Enzyme discovery may lead to lotion that heals radiation burns

Researchers from Ohio State University have figured out how the enzyme responsible for repairing tissues damaged by radiation does its work. Specifically, we're talking about the type of the radiation burns that we all get from time to time: sunburns, and this discovery could mean a lotion that doesn't just make sunburns feel better, but actually cures them.

You might not think of a sunburn as a radiation burn, but that's what it is. Ultraviolet radiation from the sun penetrates your skin and damages your DNA, leading to redness (as your body sends blood to try to repair the damage) and eventual cell death (your skin peels off). Most plants and some animals produce an enzyme called photolyase, which can repair DNA damage, but we humans are just out of luck. Luckily, our species has gotten rather good at using science to make up for our (many) shortcomings, and figuring out how photolyase works is just the most recent example.

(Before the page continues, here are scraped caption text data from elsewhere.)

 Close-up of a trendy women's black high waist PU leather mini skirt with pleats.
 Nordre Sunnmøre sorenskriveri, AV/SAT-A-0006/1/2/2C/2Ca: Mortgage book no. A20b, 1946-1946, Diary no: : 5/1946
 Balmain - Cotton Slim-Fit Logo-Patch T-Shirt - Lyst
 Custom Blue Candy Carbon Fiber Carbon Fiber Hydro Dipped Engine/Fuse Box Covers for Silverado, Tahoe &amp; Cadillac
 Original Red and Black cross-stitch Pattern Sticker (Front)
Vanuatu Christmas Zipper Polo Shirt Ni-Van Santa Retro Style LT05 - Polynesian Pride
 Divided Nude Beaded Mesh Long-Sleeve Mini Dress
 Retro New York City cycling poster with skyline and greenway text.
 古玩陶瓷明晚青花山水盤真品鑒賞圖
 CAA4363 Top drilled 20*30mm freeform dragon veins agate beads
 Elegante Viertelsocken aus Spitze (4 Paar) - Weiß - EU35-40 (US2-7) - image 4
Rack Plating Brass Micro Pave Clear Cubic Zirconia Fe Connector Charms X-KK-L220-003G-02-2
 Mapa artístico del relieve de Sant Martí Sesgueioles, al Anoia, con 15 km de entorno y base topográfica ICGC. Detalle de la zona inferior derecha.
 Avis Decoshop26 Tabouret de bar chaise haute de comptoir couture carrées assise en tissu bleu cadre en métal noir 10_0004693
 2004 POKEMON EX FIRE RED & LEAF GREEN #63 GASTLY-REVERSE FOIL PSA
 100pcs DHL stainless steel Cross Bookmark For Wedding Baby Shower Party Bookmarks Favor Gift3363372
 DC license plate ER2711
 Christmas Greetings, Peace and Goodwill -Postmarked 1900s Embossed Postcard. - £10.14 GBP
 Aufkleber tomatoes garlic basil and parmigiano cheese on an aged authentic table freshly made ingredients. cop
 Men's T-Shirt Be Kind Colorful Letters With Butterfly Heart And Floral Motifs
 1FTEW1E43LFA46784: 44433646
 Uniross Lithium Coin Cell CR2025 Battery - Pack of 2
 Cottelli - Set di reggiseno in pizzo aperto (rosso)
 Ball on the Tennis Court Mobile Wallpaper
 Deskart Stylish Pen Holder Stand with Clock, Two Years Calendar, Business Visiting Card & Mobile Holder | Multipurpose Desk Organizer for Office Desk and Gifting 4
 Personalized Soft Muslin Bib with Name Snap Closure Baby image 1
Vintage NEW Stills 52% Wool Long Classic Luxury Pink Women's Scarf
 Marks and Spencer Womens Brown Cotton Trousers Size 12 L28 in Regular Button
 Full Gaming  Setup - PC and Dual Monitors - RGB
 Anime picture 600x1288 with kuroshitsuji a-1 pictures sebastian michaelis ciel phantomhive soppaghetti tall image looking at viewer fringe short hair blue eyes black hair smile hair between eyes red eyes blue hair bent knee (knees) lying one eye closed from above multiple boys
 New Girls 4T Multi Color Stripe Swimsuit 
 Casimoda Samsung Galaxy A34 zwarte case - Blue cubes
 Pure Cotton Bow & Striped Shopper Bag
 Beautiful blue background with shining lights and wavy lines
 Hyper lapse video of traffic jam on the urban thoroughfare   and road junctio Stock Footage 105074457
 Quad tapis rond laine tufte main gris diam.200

Scientists at OSU used a laser to take extreme high-speed photography of photolyase doing what it does. We're talking exposure times measured in trillionths of a second, which is fast enough to track an electron as it moves around a molecule. On the molecular level, UV radiation smashes into atoms in DNA strands, causing those atoms to form accidental bonds with the atoms around them. These bonds cause errors when the DNA strand replicates, potentially causing mutations and sometimes cancer. The photolyase enzyme counters this by firing an electron at these accidental bonds, breaking them up and returning the DNA strand to normal.

Now that we know how it works, it may be possible to manufacture photolyase and use it in a lotion, where it wouldn't just treat the burn (like aloe), but would actually go in and break up those nasty little bonds, repairing your DNA itself and keeping you pain (and cancer) free.